2017年(平成29年)の介護保険法等改正は、社会福祉士国家試験の複数科目で頻出する改正です。正式名称は「地域包括ケアシステムの強化のための介護保険法等の一部を改正する法律」(平成29年法律第52号、2017年6月2日公布)で、介護保険法だけでなく、社会福祉法・障害者総合支援法・児童福祉法にまたがる一括改正法です。「2017年改正」という言葉が頻繁に出てくる背景には、この一括改正の中に試験で問われやすい論点がいくつも含まれていることがあります。
社会福祉法の改正:地域福祉計画の努力義務化
市町村による地域福祉計画の策定と都道府県による地域福祉支援計画が努力義務化され、高齢者・障害者・児童など各分野の福祉計画に共通する事項を定める「上位計画」として位置づけられました(都道府県が策定する地域福祉支援計画についても同様)。この改正は、地域力強化検討会の最終とりまとめ(2017年9月)の提言を反映したものです。
介護保険法の改正:利用者負担割合の見直し
現役並みの所得がある利用者の自己負担割合が、それまでの2割から3割に引き上げられました(2018年8月施行)。介護保険の利用者負担は、原則1割、一定以上の所得がある場合は2割(2015年改正で導入)、さらに現役並み所得の場合は3割という、3段階の仕組みになりました。
介護保険法の改正:介護医療院の創設
新たな介護保険施設として、介護医療院が創設されました(2018年4月施行)。日常的な医学管理が必要な要介護者の長期療養と生活施設としての機能をあわせ持つ施設で、廃止が決まっていた介護療養型医療施設の転換先として位置づけられています。
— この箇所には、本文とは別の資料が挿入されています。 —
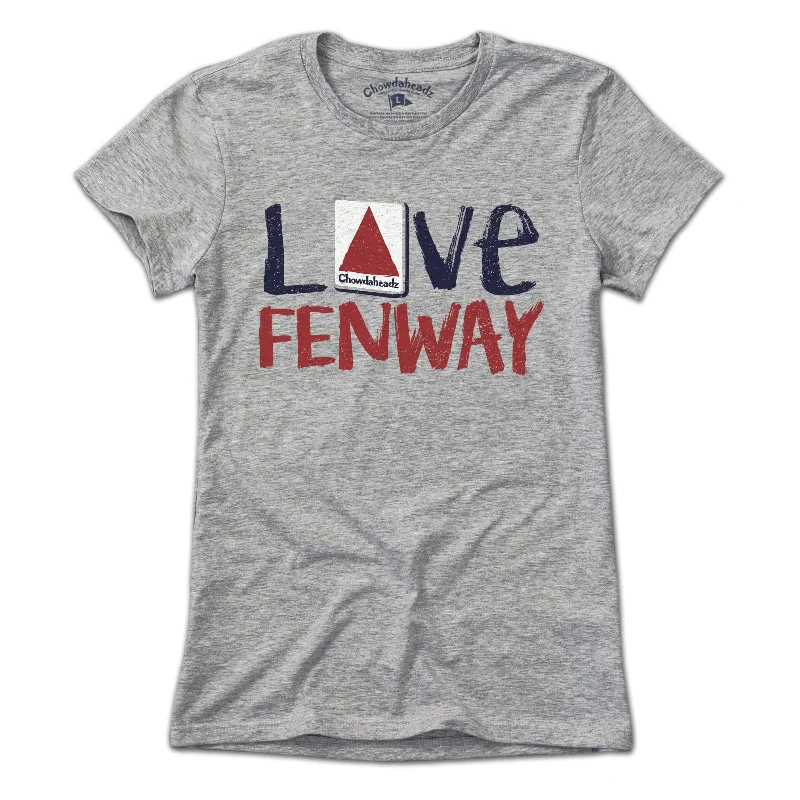 T-Shirt With Personalized Player Names-Love Fenway T-Shirt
介護保険法・障害者総合支援法の改正:共生型サービスの創設
介護保険と障害福祉の両制度に、共生型サービスが新たに位置づけられました(2018年4月施行)。介護保険または障害福祉サービスのいずれかの指定を受けている事業所が、もう一方の制度における指定も受けやすくする仕組みで、高齢者と障害児者が同一の事業所でサービスを受けやすくすることを目的としています。
障害者総合支援法・児童福祉法の改正:高額障害福祉サービス等給付費の見直し
65歳に至るまで長期間にわたり障害福祉サービスを利用してきた高齢障害者が、65歳以降に介護保険サービスへ移行した際の利用者負担が軽減される仕組み(新高額障害福祉サービス等給付費)が導入されました(2018年4月施行)。障害福祉制度と介護保険制度の間で生じる利用者負担の差を緩和するための改正です。
介護保険法の改正:第2号被保険者の保険料に総報酬割を導入
介護保険の第2号被保険者(40歳から64歳)が加入する被用者保険(健康保険組合・共済組合・協会けんぽ等)が負担する介護納付金について、それまでの加入者数に応じた「人数割」から、報酬額に応じた「総報酬割」へと段階的に移行することとされました。2017年度から段階的に導入が始まり、2020年度に全面導入されています。
まとめ
2017年(平成29年)の介護保険法等改正は、地域福祉計画の努力義務化(社会福祉法)、利用者負担3割の導入・介護医療院の創設・総報酬割の導入(介護保険法)、共生型サービスの創設(介護保険法・障害者総合支援法)、高額障害福祉サービス等給付費の見直し(障害者総合支援法・児童福祉法)という、複数の法律・複数の科目にまたがる内容を一つの法律でまとめて改正したものです。「2017年改正」という年号だけで覚えるのではなく、どの法律の、どの制度が変わったのかをセットで整理しておくと、複数科目からの出題にも対応しやすくなります。